Short text fragments from websites:
* * * * *
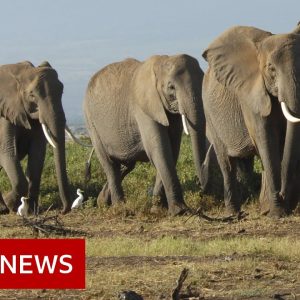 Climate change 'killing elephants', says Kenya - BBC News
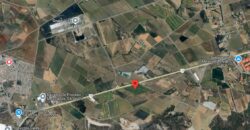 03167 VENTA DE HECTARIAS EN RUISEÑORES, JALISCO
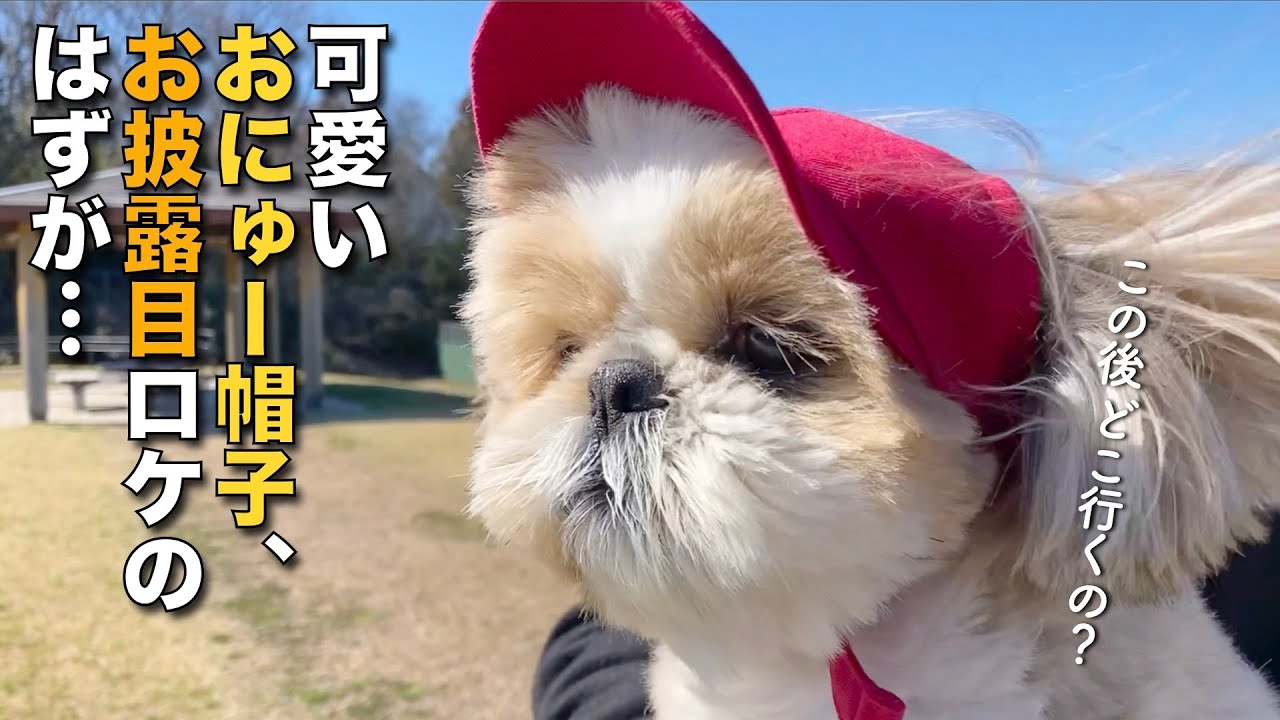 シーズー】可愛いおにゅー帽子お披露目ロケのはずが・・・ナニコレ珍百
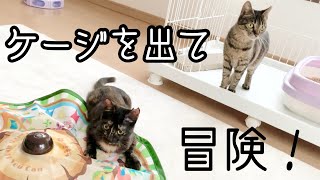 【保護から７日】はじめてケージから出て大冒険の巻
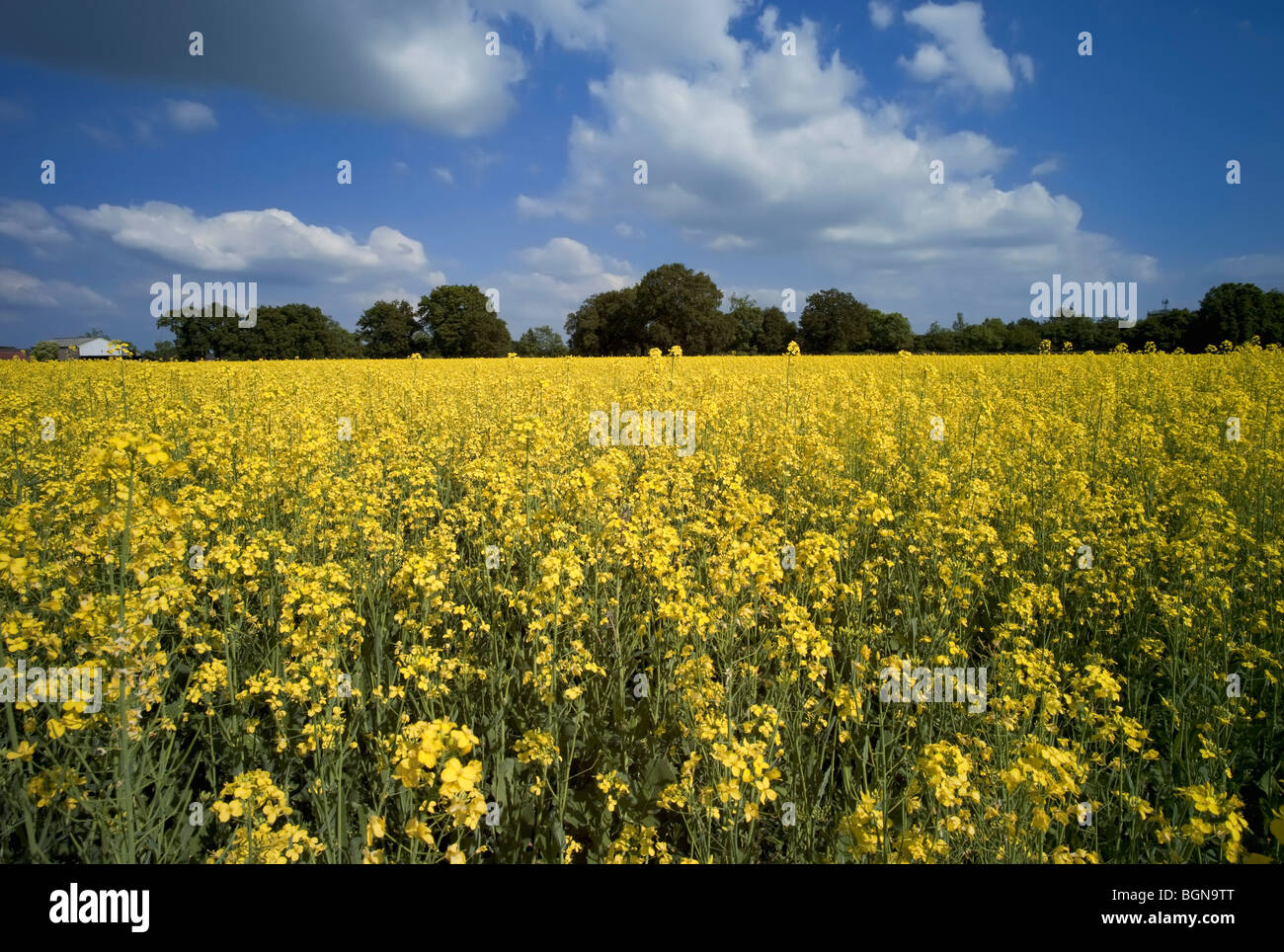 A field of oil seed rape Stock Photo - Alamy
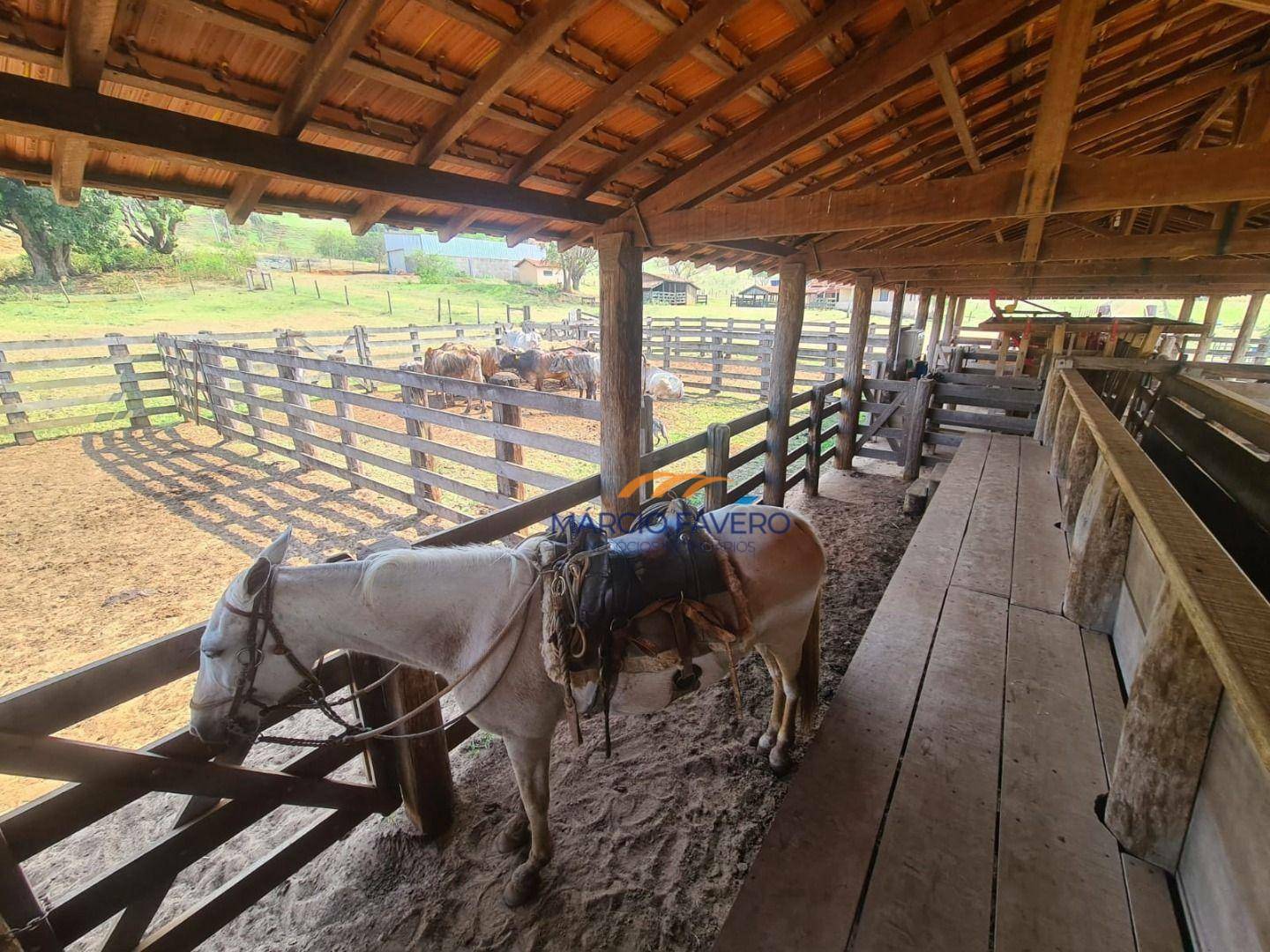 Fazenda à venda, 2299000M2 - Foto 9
* * * * *
▸ **TASK TO CARRY OUT**
Only an exact copy belongs in the answer: the lines from the one containing "A field of oil seed rape Stock Photo - Alamy" through the end of the records, both ends included, minus the pictures.

▸ **WRITTEN REPLY**
 A field of oil seed rape Stock Photo - Alamy
 Fazenda à venda, 2299000M2 - Foto 9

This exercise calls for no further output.